Abstract

Background: There are two approaches to identify candidates for the prescription of osteoporosis treatment: identification of patients with low bone mineral density using DEXA of the axial skeleton and calculation of the 10-year probability of major osteoporotic fractures using FRAX®.
 Aims: to assess the diagnostic accuracy of different FRAX® thresholds in the Russian population.
 Materials and methods: the value of individual 10-year probability of osteoporotic fracture by FRAX® at the time of inclusion in the study was retrospectively estimated in 224 postmenopausal women, whom the major osteoporotic fractures were recorded over 10 years of prospective observation. The diagnostic accuracy of different thresholds were compared: "European" and Russian age-dependent thresholds, fixed 20% threshold, the average FRAX® of patients who had a major osteoporotic fracture during follow-up (16%), FRAX® value corresponding to the "cut-off point" (12,5%).

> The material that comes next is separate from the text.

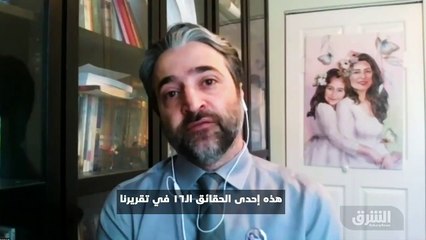 ...الوثائق تشير باصبع الاتهام الى دور قائد ...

 Results: The Russian FRAX model showed the acceptable diagnostic accuracy of the method (AUC=0.665±0.036; 95% CI 0.595; 0.736). The "European" threshold of therapeutic intervention demonstrated 72% sensitivity and 38% specificity, 20% threshold – 27% and 87%, the Russian threshold – 41% and 77%, 12.5% threshold – 68% and 58%, 16% threshold – 57% and 73%, respectively. The diagnostic precision of the specified thresholds was 54%, 58%, 60%, 63% and 65%, respectively.
 Conclusions: the Russian age-dependent threshold remains the optimal way to decide whether to initiate anti-osteoporotic therapy based on an assessment of the 10-year probability of fracture by the Russian model for FRAX®.